# What is required
Return the data below exactly, but only from the line containing "1C/508 Queen Street, Auckland" through the line containing "Kinderfeets - Kinder Scooter", with both of those lines included.

# Supplied material

+-------+

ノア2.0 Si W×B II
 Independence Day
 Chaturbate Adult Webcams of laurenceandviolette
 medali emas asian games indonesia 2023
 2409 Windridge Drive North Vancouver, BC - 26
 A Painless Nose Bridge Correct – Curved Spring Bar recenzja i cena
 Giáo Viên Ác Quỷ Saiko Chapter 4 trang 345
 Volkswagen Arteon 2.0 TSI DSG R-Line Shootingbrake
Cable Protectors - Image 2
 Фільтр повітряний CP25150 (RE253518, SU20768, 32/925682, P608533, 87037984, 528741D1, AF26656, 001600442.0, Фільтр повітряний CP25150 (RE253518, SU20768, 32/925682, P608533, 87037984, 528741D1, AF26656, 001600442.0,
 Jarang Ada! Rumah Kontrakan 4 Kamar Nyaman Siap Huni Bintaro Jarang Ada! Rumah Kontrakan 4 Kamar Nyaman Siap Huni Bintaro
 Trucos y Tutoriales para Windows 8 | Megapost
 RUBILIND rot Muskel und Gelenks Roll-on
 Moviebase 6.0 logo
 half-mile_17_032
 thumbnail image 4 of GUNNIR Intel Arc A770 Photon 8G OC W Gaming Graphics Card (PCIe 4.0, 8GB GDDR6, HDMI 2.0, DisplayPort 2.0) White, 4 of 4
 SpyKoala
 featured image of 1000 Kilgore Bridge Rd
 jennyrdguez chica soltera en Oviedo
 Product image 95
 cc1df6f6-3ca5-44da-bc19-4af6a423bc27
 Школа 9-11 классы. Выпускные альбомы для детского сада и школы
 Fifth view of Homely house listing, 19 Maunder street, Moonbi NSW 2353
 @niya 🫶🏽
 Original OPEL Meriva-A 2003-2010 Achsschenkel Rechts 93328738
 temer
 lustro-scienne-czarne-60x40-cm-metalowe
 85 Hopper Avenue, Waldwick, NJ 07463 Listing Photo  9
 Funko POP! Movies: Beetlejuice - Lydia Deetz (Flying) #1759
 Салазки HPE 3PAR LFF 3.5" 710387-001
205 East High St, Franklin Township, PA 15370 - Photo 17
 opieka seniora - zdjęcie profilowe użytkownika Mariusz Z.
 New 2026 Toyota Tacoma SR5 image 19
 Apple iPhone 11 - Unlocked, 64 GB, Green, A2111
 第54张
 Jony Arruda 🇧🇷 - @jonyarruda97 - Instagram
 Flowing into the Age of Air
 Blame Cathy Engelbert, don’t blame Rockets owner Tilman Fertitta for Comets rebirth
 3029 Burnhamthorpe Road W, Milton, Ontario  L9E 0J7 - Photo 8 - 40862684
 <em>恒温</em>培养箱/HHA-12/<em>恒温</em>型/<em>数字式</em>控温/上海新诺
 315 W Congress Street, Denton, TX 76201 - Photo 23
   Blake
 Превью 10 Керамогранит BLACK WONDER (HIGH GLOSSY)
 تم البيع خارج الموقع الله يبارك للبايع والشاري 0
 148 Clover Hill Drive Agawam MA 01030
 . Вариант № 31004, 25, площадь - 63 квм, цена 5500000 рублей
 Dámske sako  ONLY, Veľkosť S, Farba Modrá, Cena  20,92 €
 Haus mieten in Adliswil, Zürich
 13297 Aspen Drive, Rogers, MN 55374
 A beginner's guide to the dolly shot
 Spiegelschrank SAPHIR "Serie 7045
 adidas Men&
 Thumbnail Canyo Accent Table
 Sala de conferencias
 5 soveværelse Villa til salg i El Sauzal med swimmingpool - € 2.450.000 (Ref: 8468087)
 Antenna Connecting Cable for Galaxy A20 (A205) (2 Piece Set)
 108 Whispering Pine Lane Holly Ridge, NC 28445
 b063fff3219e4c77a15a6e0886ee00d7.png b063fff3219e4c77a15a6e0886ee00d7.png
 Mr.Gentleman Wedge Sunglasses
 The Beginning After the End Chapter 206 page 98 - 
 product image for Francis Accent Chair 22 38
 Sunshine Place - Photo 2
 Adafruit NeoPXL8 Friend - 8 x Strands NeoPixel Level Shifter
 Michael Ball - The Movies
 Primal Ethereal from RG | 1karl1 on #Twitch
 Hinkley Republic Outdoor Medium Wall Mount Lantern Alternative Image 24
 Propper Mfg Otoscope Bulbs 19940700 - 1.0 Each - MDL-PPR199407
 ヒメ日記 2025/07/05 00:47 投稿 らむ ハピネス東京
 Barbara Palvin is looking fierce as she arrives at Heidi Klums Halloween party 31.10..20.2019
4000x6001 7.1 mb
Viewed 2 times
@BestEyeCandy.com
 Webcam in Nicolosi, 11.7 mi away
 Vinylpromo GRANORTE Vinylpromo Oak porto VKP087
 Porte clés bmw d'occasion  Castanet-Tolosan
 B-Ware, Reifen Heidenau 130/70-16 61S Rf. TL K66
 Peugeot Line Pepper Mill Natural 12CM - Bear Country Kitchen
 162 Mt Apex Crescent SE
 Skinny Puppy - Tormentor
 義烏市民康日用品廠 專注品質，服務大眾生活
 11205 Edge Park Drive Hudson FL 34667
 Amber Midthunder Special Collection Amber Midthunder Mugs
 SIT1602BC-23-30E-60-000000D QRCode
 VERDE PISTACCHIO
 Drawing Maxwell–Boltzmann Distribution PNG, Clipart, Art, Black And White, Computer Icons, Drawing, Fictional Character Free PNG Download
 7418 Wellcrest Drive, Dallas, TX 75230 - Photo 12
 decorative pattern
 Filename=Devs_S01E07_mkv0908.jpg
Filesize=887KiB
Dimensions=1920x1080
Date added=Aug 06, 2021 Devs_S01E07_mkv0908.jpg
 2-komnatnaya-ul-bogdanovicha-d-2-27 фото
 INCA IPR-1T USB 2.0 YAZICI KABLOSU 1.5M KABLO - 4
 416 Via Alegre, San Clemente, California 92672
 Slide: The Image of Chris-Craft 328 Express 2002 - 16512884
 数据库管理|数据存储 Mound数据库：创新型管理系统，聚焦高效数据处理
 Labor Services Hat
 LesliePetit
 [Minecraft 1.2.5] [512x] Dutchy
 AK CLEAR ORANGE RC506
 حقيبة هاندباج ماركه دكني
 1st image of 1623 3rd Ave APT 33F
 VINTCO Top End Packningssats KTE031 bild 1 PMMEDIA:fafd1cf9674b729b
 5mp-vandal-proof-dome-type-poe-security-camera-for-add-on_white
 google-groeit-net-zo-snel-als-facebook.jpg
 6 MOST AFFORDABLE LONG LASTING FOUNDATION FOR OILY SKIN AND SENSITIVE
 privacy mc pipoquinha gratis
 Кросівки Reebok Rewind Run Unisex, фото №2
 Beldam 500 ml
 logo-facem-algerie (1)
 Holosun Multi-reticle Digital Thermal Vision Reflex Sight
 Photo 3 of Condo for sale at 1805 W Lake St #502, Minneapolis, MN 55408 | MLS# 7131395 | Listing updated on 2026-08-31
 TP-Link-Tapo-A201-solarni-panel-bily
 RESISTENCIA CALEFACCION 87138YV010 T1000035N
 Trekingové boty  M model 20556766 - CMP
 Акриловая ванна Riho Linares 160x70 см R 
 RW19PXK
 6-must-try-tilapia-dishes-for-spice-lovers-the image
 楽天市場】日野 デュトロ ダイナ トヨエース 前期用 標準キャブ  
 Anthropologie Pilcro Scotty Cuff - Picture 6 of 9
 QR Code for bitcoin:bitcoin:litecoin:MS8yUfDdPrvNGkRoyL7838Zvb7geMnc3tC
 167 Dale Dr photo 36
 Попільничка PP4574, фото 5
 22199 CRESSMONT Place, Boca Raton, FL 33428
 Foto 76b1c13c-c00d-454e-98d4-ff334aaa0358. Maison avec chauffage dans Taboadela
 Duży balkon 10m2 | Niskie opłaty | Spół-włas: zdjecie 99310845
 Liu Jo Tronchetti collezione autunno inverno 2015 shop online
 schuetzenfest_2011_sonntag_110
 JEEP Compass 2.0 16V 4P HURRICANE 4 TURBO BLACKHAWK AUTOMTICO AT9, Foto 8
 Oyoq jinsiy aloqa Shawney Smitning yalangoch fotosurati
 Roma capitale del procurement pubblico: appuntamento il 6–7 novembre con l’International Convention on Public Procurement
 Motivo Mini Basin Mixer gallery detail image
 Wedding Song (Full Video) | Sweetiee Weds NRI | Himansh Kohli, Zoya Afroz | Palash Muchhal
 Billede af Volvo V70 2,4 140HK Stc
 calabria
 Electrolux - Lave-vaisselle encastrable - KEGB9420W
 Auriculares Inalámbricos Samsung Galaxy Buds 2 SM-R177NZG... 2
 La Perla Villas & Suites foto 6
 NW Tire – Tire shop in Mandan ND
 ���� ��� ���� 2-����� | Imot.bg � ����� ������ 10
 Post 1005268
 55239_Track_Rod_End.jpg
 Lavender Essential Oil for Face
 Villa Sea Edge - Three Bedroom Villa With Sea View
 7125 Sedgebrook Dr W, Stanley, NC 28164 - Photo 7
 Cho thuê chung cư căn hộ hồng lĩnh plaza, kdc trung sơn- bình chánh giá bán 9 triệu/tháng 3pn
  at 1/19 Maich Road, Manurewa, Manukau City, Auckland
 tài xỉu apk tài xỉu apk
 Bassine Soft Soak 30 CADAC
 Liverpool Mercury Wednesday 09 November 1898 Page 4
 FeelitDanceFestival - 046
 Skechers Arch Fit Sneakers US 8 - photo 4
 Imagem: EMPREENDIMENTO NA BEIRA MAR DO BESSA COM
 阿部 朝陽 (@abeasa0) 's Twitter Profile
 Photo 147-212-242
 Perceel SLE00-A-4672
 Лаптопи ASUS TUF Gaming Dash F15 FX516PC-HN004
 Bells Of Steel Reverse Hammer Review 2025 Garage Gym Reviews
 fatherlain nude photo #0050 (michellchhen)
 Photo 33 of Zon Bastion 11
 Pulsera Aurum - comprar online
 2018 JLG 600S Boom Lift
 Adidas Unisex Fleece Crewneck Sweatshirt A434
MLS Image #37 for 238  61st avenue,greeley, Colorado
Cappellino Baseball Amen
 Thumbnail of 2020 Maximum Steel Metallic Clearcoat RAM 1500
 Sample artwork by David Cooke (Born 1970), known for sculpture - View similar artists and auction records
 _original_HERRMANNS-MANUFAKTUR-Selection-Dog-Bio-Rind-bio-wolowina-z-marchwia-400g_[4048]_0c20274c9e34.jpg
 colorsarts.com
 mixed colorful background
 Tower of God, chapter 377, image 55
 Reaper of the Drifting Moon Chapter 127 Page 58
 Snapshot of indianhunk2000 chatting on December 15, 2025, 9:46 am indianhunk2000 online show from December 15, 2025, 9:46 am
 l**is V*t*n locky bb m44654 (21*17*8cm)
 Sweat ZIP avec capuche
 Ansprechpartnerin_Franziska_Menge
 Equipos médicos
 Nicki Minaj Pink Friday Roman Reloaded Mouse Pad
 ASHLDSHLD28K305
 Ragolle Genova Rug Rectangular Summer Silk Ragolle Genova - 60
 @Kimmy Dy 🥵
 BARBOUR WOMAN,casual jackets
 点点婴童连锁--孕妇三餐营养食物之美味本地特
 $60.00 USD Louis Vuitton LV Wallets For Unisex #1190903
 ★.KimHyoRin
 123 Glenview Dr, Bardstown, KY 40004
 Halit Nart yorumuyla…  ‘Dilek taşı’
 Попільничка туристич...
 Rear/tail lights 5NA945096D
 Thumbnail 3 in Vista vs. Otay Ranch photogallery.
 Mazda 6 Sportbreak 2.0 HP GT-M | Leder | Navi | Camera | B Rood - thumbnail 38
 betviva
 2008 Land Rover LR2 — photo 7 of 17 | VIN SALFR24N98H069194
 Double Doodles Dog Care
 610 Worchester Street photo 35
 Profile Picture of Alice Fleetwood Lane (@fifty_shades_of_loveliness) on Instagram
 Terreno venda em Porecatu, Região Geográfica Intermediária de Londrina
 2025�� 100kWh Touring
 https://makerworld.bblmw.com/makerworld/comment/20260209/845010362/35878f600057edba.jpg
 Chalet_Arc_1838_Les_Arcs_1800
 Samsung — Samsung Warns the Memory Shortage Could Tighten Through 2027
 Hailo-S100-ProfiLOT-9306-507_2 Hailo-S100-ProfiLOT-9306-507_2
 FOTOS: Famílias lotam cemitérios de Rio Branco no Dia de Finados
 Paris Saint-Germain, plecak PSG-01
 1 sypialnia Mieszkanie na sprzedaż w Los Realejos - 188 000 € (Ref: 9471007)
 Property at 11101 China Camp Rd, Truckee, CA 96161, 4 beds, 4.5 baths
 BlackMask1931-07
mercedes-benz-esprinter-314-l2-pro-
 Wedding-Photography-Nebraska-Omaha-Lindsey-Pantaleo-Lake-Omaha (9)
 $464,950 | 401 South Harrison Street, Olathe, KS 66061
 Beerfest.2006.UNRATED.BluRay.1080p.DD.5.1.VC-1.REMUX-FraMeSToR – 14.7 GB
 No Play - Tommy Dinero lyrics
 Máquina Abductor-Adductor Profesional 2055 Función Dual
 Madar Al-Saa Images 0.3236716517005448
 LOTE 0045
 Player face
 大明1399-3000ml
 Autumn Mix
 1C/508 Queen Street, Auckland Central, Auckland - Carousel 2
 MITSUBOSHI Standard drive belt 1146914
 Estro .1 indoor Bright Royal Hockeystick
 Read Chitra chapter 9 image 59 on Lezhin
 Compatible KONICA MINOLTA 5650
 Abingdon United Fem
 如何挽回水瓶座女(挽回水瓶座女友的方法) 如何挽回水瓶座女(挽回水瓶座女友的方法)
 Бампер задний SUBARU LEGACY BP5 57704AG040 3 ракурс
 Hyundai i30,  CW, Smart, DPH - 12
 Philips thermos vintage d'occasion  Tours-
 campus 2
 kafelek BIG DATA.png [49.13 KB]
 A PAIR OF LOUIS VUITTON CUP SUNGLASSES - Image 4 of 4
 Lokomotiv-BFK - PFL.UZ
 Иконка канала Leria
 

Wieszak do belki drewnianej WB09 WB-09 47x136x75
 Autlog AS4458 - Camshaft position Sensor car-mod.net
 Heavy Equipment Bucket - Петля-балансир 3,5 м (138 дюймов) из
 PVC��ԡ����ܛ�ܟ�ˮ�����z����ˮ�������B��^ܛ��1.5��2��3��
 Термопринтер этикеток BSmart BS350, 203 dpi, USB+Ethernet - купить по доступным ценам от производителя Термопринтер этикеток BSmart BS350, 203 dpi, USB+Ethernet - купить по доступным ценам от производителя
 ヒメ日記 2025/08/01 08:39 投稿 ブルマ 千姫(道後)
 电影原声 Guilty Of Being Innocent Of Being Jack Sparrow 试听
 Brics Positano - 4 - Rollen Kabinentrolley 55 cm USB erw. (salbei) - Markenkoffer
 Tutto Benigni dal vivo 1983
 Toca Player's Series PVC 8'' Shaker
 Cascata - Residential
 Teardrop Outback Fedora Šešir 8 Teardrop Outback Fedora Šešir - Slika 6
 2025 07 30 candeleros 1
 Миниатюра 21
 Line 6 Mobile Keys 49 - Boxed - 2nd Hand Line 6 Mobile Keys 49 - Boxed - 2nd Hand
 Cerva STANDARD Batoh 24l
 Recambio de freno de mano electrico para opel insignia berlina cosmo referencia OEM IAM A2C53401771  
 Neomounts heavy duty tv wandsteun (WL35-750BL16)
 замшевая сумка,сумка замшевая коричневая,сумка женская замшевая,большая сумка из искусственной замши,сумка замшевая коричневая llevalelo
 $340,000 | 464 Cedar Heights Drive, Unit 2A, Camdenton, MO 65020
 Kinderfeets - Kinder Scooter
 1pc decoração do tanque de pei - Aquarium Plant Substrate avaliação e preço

+-------+

# Answer section
 1C/508 Queen Street, Auckland Central, Auckland - Carousel 2
 MITSUBOSHI Standard drive belt 1146914
 Estro .1 indoor Bright Royal Hockeystick
 Read Chitra chapter 9 image 59 on Lezhin
 Compatible KONICA MINOLTA 5650
 Abingdon United Fem
 如何挽回水瓶座女(挽回水瓶座女友的方法) 如何挽回水瓶座女(挽回水瓶座女友的方法)
 Бампер задний SUBARU LEGACY BP5 57704AG040 3 ракурс
 Hyundai i30,  CW, Smart, DPH - 12
 Philips thermos vintage d'occasion  Tours-
 campus 2
 kafelek BIG DATA.png [49.13 KB]
 A PAIR OF LOUIS VUITTON CUP SUNGLASSES - Image 4 of 4
 Lokomotiv-BFK - PFL.UZ
 Иконка канала Leria
 

Wieszak do belki drewnianej WB09 WB-09 47x136x75
 Autlog AS4458 - Camshaft position Sensor car-mod.net
 Heavy Equipment Bucket - Петля-балансир 3,5 м (138 дюймов) из
 PVC��ԡ����ܛ�ܟ�ˮ�����z����ˮ�������B��^ܛ��1.5��2��3��
 Термопринтер этикеток BSmart BS350, 203 dpi, USB+Ethernet - купить по доступным ценам от производителя Термопринтер этикеток BSmart BS350, 203 dpi, USB+Ethernet - купить по доступным ценам от производителя
 ヒメ日記 2025/08/01 08:39 投稿 ブルマ 千姫(道後)
 电影原声 Guilty Of Being Innocent Of Being Jack Sparrow 试听
 Brics Positano - 4 - Rollen Kabinentrolley 55 cm USB erw. (salbei) - Markenkoffer
 Tutto Benigni dal vivo 1983
 Toca Player's Series PVC 8'' Shaker
 Cascata - Residential
 Teardrop Outback Fedora Šešir 8 Teardrop Outback Fedora Šešir - Slika 6
 2025 07 30 candeleros 1
 Миниатюра 21
 Line 6 Mobile Keys 49 - Boxed - 2nd Hand Line 6 Mobile Keys 49 - Boxed - 2nd Hand
 Cerva STANDARD Batoh 24l
 Recambio de freno de mano electrico para opel insignia berlina cosmo referencia OEM IAM A2C53401771  
 Neomounts heavy duty tv wandsteun (WL35-750BL16)
 замшевая сумка,сумка замшевая коричневая,сумка женская замшевая,большая сумка из искусственной замши,сумка замшевая коричневая llevalelo
 $340,000 | 464 Cedar Heights Drive, Unit 2A, Camdenton, MO 65020
 Kinderfeets - Kinder Scooter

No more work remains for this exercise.